RECORD SET:
[Start of Attachment]

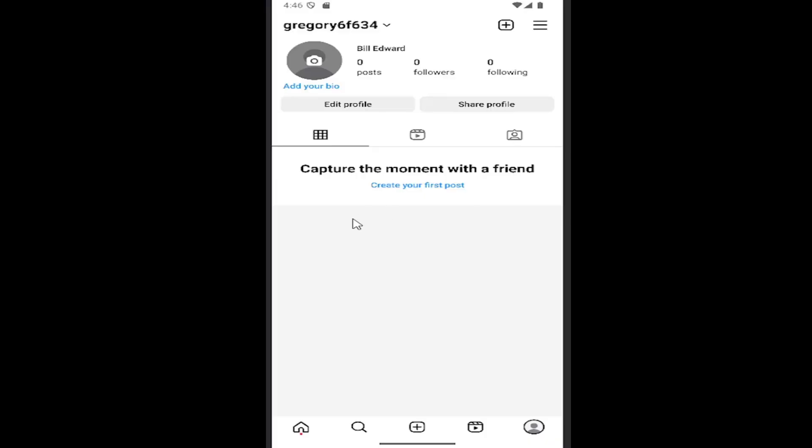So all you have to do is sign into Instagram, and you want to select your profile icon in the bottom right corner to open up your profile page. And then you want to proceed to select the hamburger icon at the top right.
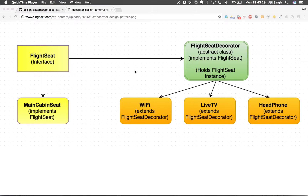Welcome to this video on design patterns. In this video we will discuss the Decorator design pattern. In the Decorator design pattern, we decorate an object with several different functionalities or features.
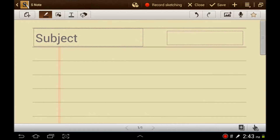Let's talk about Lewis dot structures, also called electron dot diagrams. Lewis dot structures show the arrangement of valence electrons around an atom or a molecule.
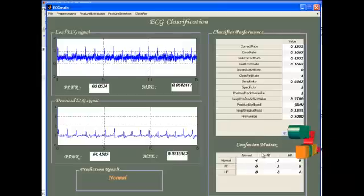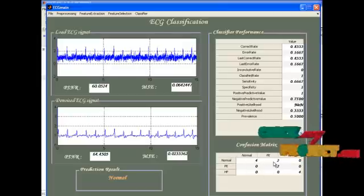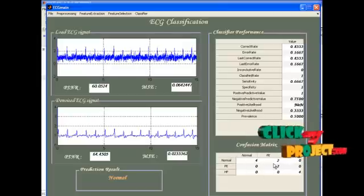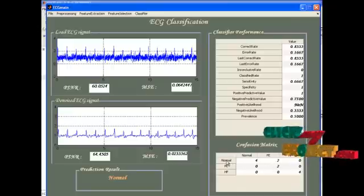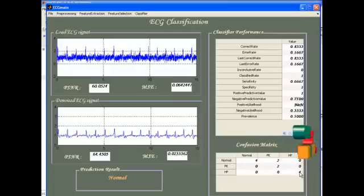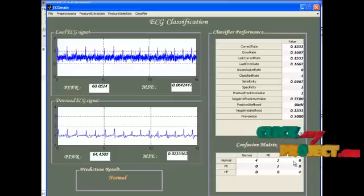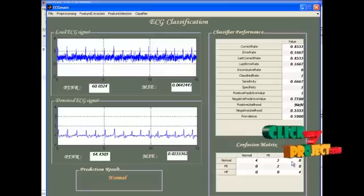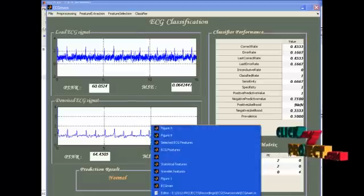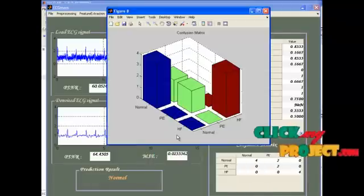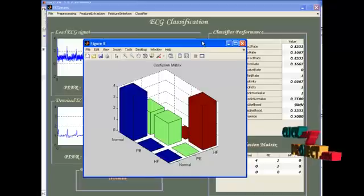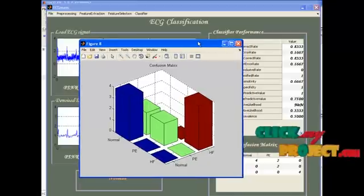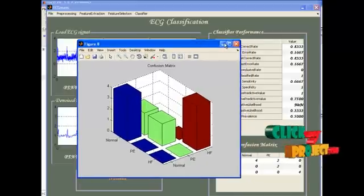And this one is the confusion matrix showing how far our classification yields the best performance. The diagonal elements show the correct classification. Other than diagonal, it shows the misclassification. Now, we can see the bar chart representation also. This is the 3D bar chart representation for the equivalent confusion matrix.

[End of Attachment]
[Start of Attachment]

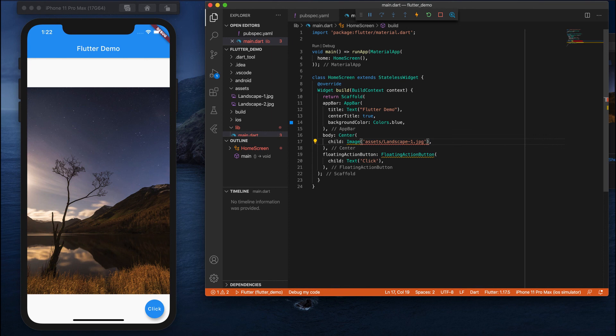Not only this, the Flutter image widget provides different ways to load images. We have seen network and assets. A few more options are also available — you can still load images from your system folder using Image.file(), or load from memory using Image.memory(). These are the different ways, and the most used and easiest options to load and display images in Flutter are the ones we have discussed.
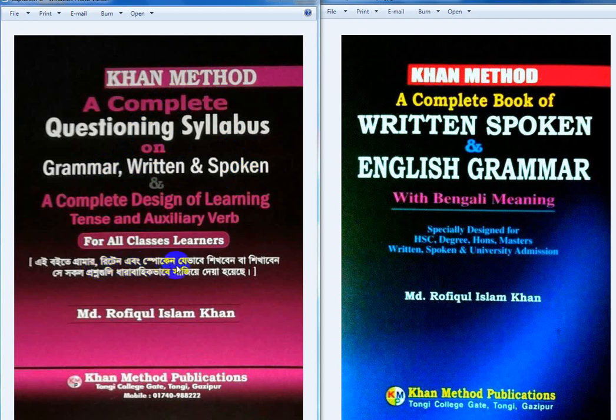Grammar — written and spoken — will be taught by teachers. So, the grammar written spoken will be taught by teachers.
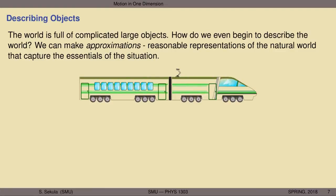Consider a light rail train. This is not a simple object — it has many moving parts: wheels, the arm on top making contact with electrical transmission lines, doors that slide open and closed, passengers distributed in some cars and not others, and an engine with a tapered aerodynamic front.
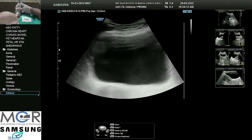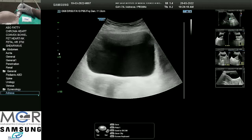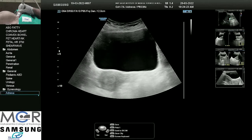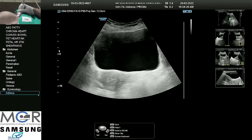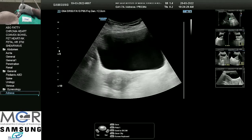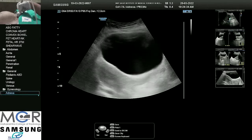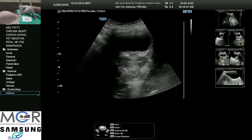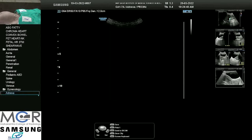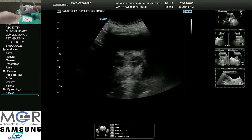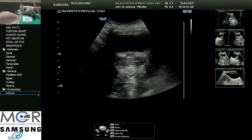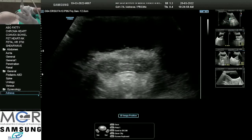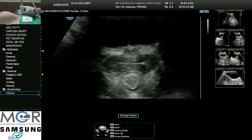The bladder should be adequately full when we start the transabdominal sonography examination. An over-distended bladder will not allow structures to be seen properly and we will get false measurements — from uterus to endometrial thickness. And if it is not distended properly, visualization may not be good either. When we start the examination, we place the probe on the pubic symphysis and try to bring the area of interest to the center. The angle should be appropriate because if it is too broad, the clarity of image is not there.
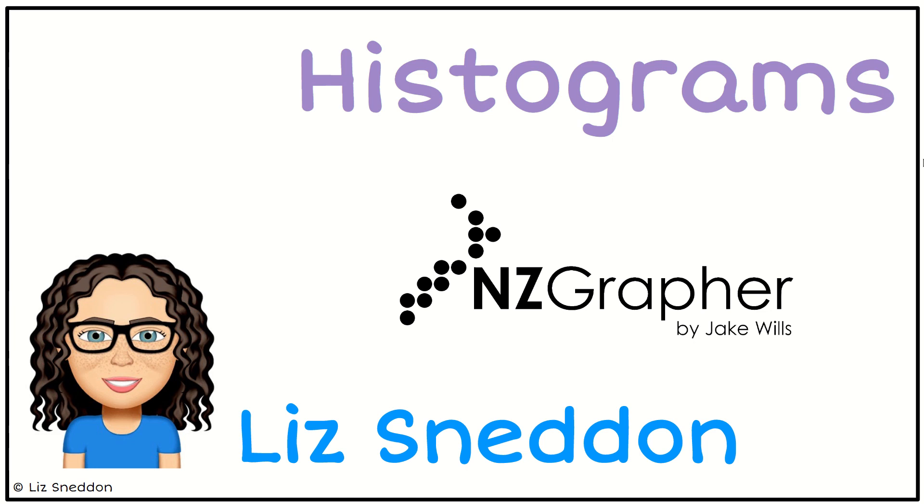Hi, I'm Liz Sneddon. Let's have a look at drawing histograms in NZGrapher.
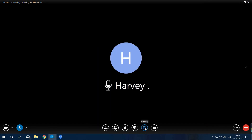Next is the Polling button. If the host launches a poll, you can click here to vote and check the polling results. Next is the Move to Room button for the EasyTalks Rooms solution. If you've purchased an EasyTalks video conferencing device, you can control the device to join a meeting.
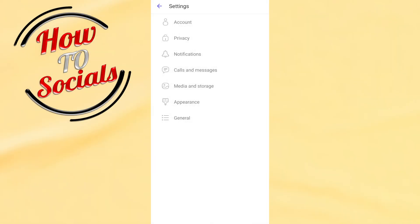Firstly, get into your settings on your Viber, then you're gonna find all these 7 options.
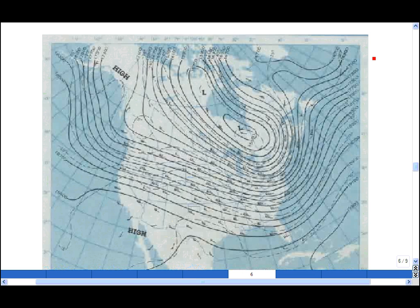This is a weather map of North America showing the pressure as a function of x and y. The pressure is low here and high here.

[End of Attachment]

Print, exactly and with no pictures, the lines of the listing above starting at the one that has "Welcome to this" and ending at the one that has "And this one", both included.

SOLUTION TO THE EXERCISE:
Welcome to this video on design patterns. In this video we will discuss the Decorator design pattern. In the Decorator design pattern, we decorate an object with several different functionalities or features.
Let's talk about Lewis dot structures, also called electron dot diagrams. Lewis dot structures show the arrangement of valence electrons around an atom or a molecule.
And this one is the confusion matrix showing how far our classification yields the best performance. The diagonal elements show the correct classification. Other than diagonal, it shows the misclassification. Now, we can see the bar chart representation also. This is the 3D bar chart representation for the equivalent confusion matrix.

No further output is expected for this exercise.